→ Your goal
Only text lines belong in the answer: the lines from the first one in the records through the line with "30 cm, beige-white-1", copied exactly.

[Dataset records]
----

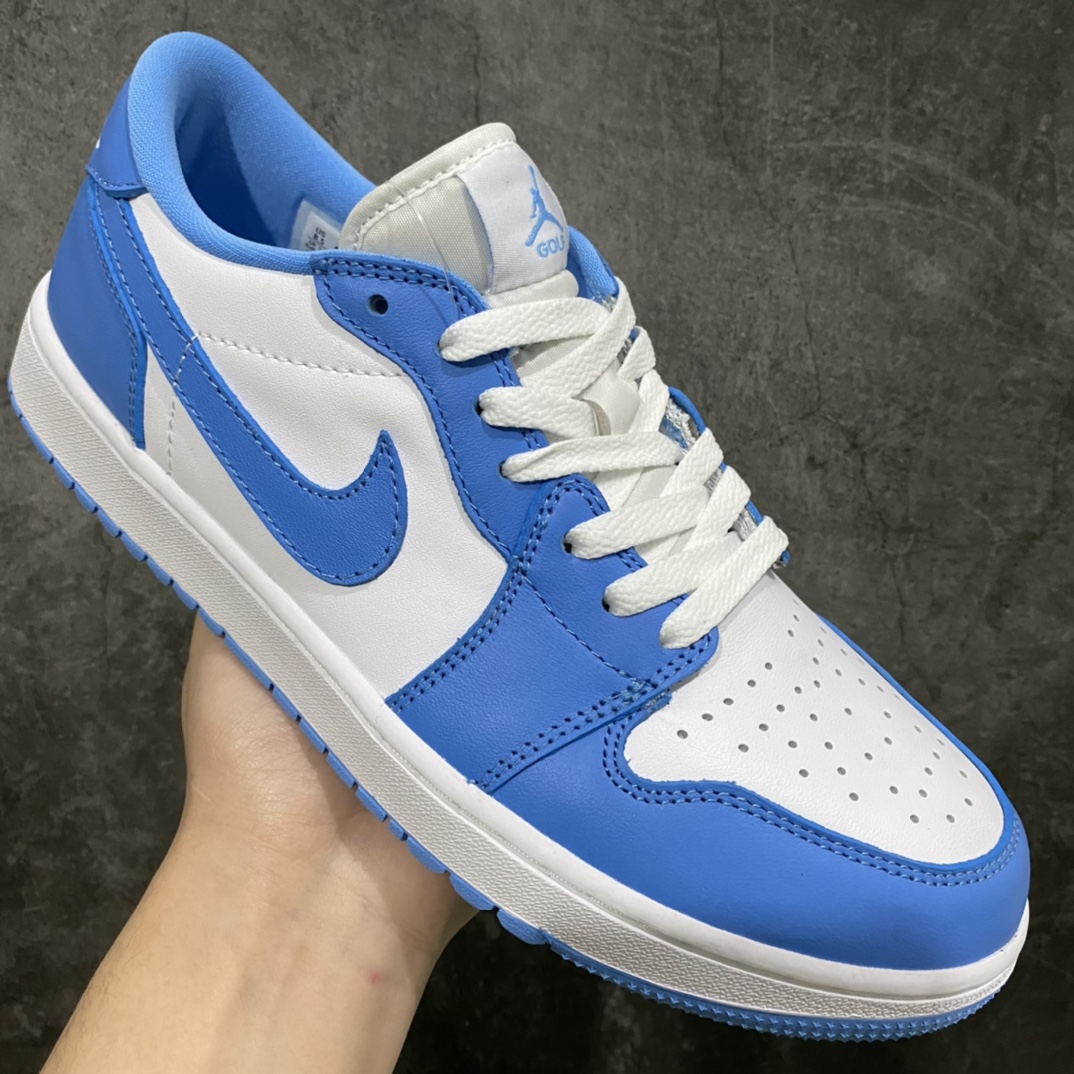 图片[4]-纯原AJ1 高尔夫系列上架 Air Jordan AJ1 Low Golf 北卡蓝 原鞋开模 私模大底开发 原厂内置气垫 全头层小牛皮 高清洁度 正确上翘鞋型 鞋舌AJ原厂专用牛津布+AJ专用反口珍珠布 原厂无杂质高弹内里海棉+特殊封边弹力鞋带 货号：DD9315-100 尺码：36-46-选品中心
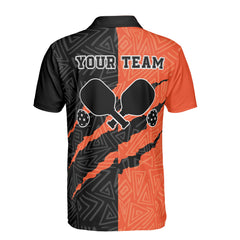 HYPERFAVOR Custom Graffiti Pattern White Black Orange-Old Gold Sublimation Pickleball Polo Shirt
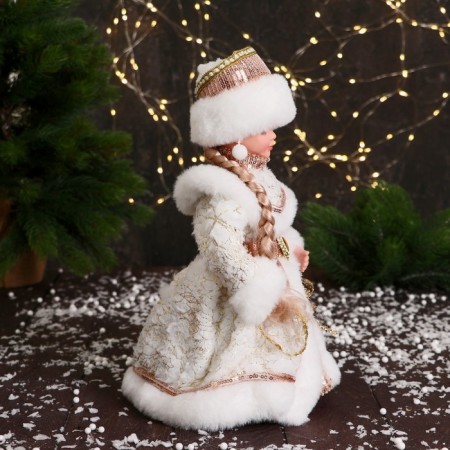 Snow Maiden "In a fur coat with sequins and a scythe" moves, 30 cm, beige-white-1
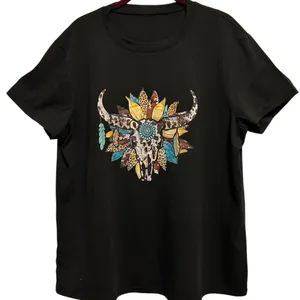 Black Western Graphic Tee with Bull Skull & Flower Design XL thumbnail 1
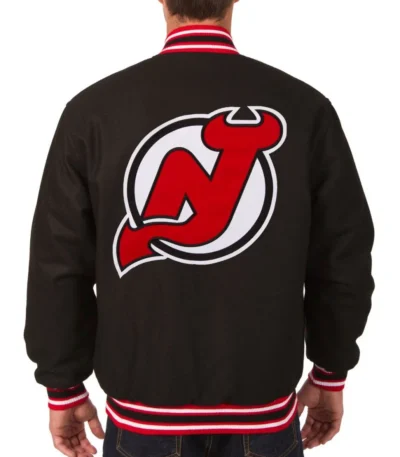 Varsity New Jersey Devils Black Wool Jacket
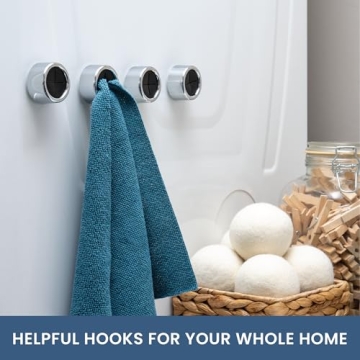 S&T INC. Round Adhesive Push Towel Hooks, 4 Pack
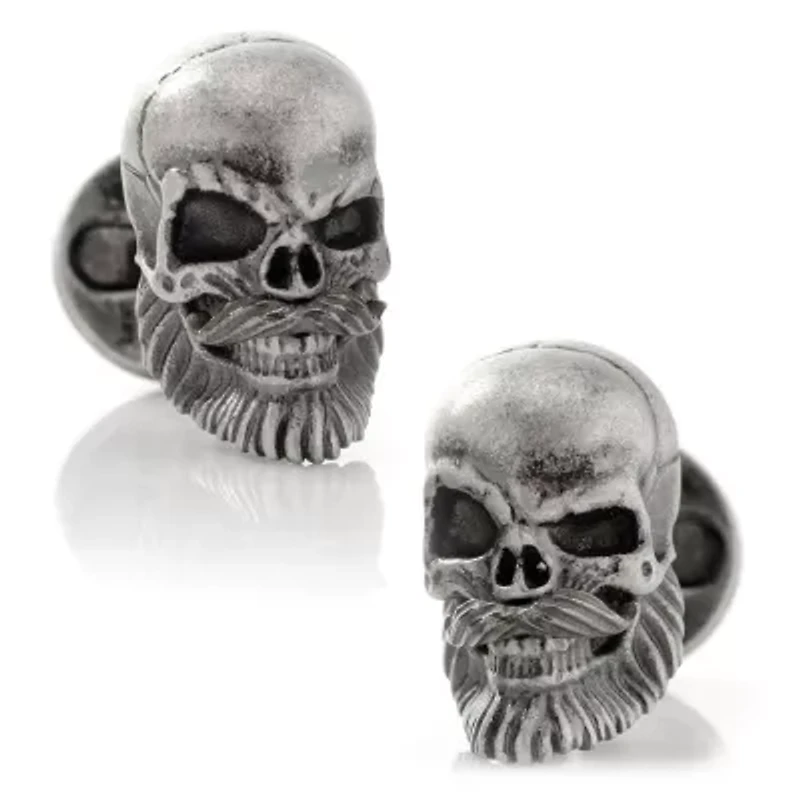Stainless Steel Mustache Skull Cufflinks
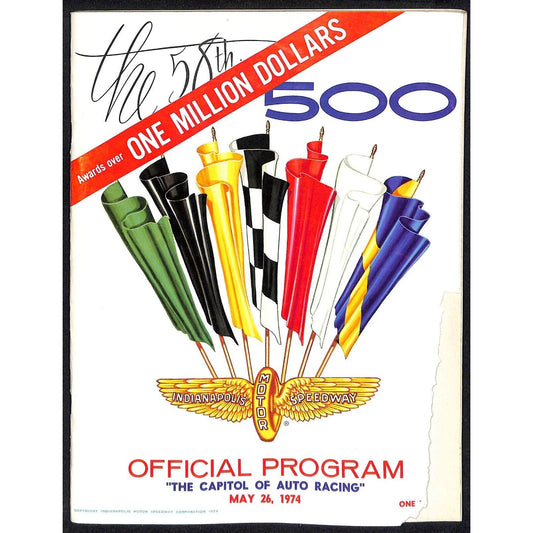 1974 Indianapolis 500 Program Racing VGC 112pp 9oz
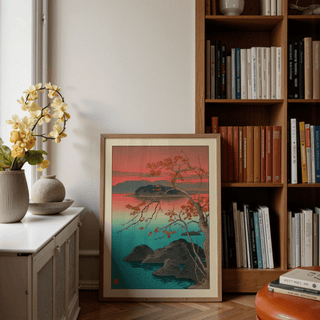 Wide composition of twilight lakeside scene in shin hanga style poster
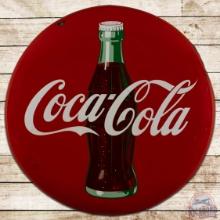 36" Coca Cola Porcelain Soda Button Sign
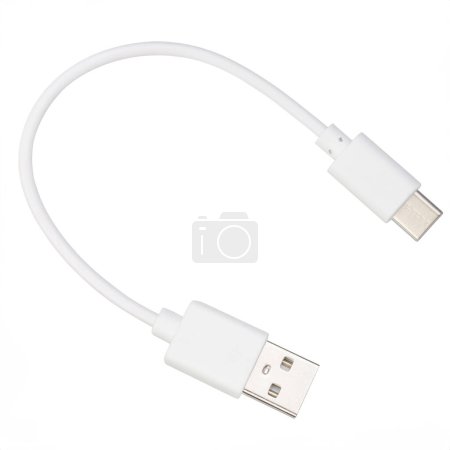 Photo for USB-A to USB-C White Charging Cable - Royalty Free Image
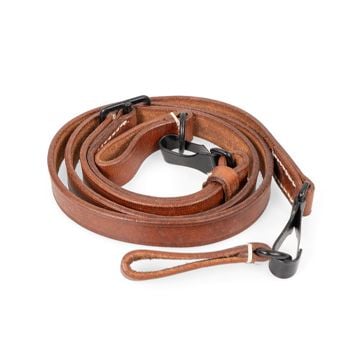 This view shows the front of the Brown Leather Cross Strap - Army. Thumbnail.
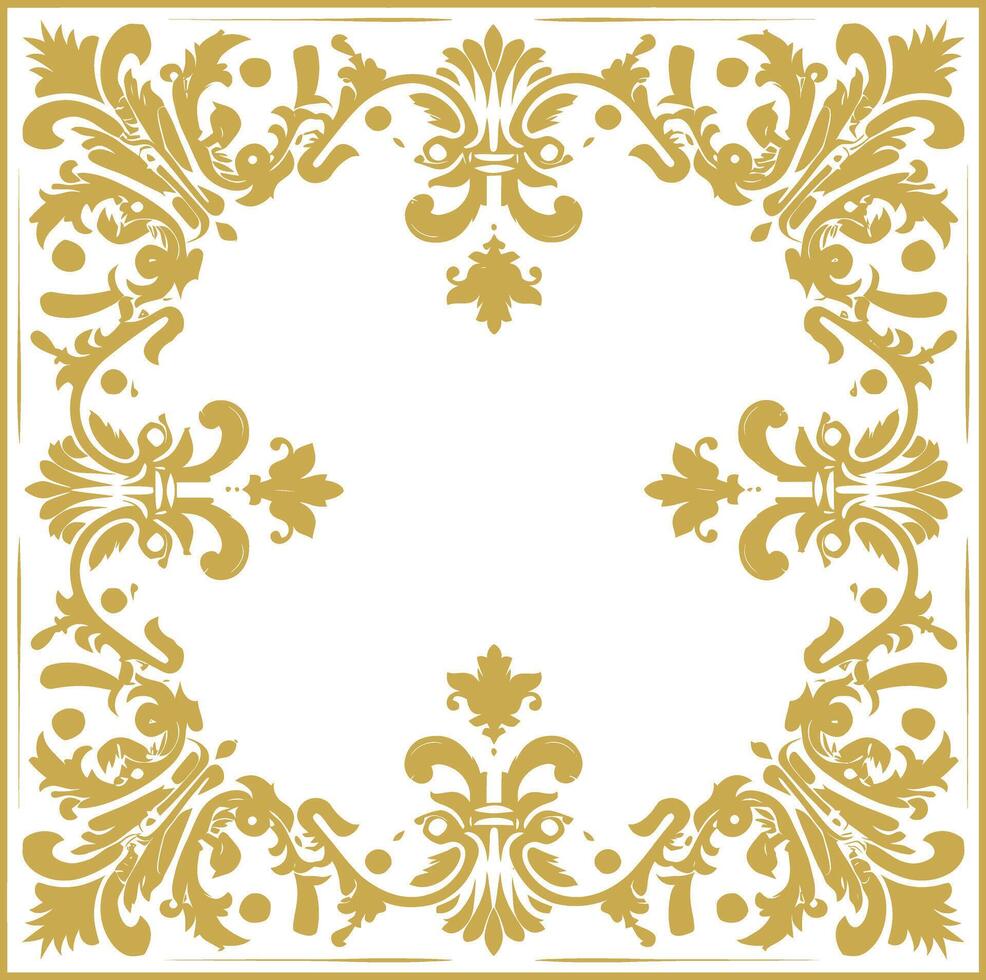 vintage frame and corners icon gold color only vector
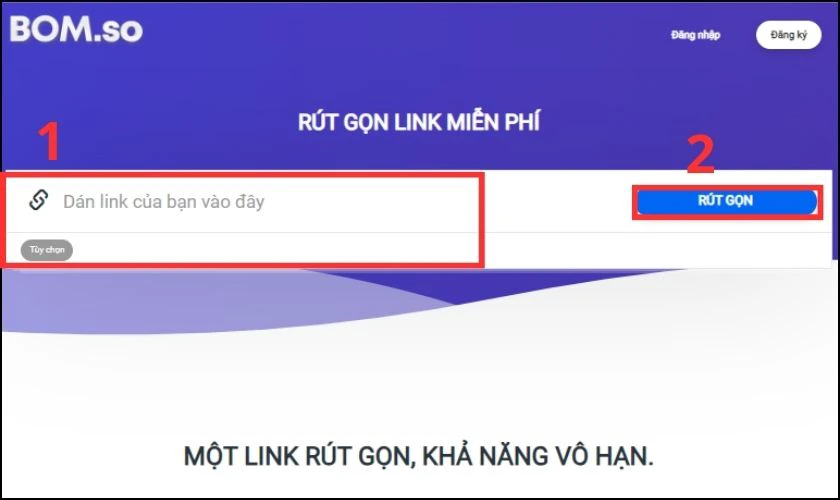 C&aacute;ch r&uacute;t gọn link tr&ecirc;n Bom.so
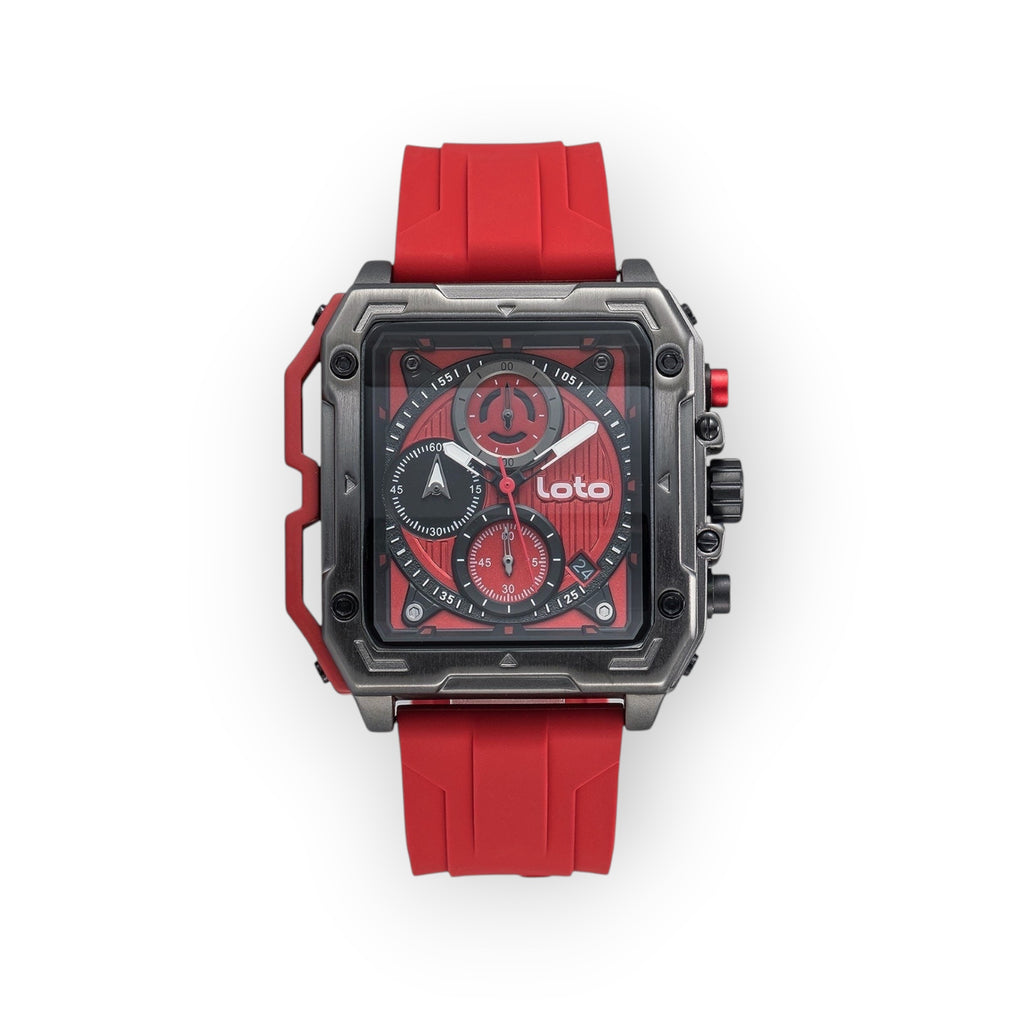 Reloj LOTO COMPANY RACER / 2533 cuadrado con esfera multifunción roja, detalles en negro y correa de silicona roja.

----

→ Solution for this problem
 图片[4]-纯原AJ1 高尔夫系列上架 Air Jordan AJ1 Low Golf 北卡蓝 原鞋开模 私模大底开发 原厂内置气垫 全头层小牛皮 高清洁度 正确上翘鞋型 鞋舌AJ原厂专用牛津布+AJ专用反口珍珠布 原厂无杂质高弹内里海棉+特殊封边弹力鞋带 货号：DD9315-100 尺码：36-46-选品中心
 HYPERFAVOR Custom Graffiti Pattern White Black Orange-Old Gold Sublimation Pickleball Polo Shirt
 Snow Maiden "In a fur coat with sequins and a scythe" moves, 30 cm, beige-white-1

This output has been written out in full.